Trump touted his vision in a taped town hall session on Fox in Columbus Heights, Ohio, on 21 September. When an audience member asked him what he would do to fight crime in black communities, Trump responded: "One of the things I'd do, is I would do stop and frisk. I think you have to. We did it in New York, it worked incredibly well and you have to be proactive. In New York City it was so incredible the way it worked."
New York City Mayor Bill De Blasio said in response to the candidate's comments that Trump is "either ignorant of the history of the city or he's lying about it," the New York Daily News reported. "He's a pampered billionaire. He has no connection to the people he's talking about. He has no experience in the black community or any other inner city community."
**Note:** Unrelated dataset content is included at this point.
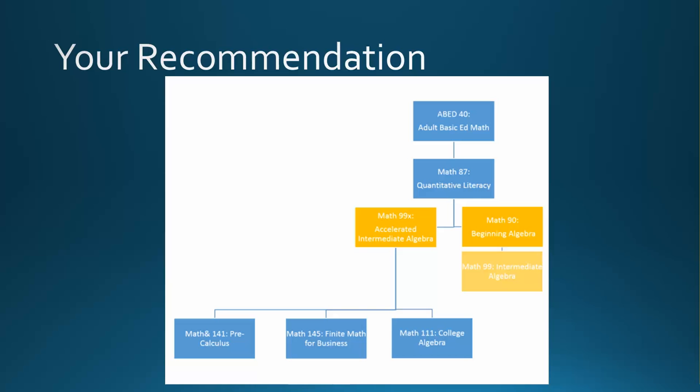This course also introduces function notation and the basics of graphing major function families. If you've never taken Algebra 4 or just prefer a slower pace, you can opt instead to take two quarters to complete this algebra requirement.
Trump pushed the aggressive plan just as the country was erupting again over police shootings of black men. In a meeting in Ohio with black pastors earlier, Trump said he was "troubled" by the shooting of a black man by a white officer in Tulsa, Oklahoma. Terrence Crutcher had his hands in the air when he was fatally shot in a scene captured on video.
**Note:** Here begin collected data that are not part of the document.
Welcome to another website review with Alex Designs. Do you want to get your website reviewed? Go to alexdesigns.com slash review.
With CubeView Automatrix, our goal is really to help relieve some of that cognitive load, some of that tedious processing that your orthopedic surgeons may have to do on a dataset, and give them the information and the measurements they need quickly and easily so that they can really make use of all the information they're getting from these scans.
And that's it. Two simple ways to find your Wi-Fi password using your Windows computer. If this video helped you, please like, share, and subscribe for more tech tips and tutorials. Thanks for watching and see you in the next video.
'Stop and frisk' allows police to stop and search any pedestrian at will. Much of the program was scrapped after successful legal challenges, and was eventually abandoned in New York. The policy was particularly hated by blacks in New York who were disproportionately targeted by police, according to data.
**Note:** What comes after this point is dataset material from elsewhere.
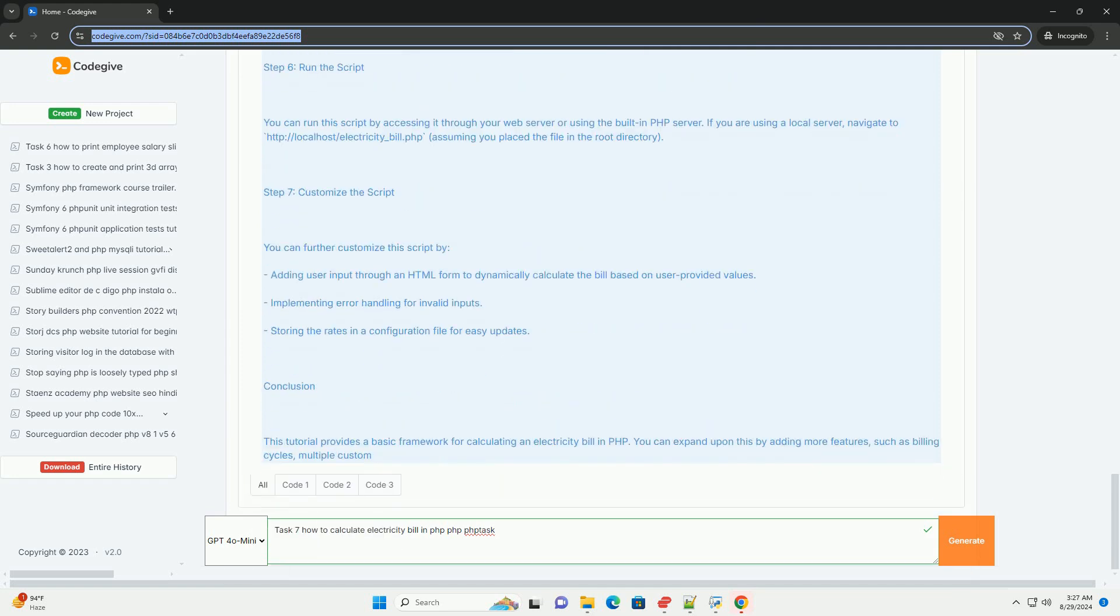Additional considerations may include taxes, fixed charges, and discounts, which should also be factored into the final bill calculation.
Statistics showed that police stopped black citizens 52% of the time, Hispanics 31%, and whites 10%, even though blacks make up only 23% of the city population, Hispanics 29%, and whites 33%.
A federal judge in New York struck down the tactic as unconstitutional in 2013, saying the way the city used it violated the rights of minorities.
Experts are split on whether the program works to stem crimes, the Washington Post reports. Studies found that in New York, 90% of people stopped and frisked hadn't done anything wrong.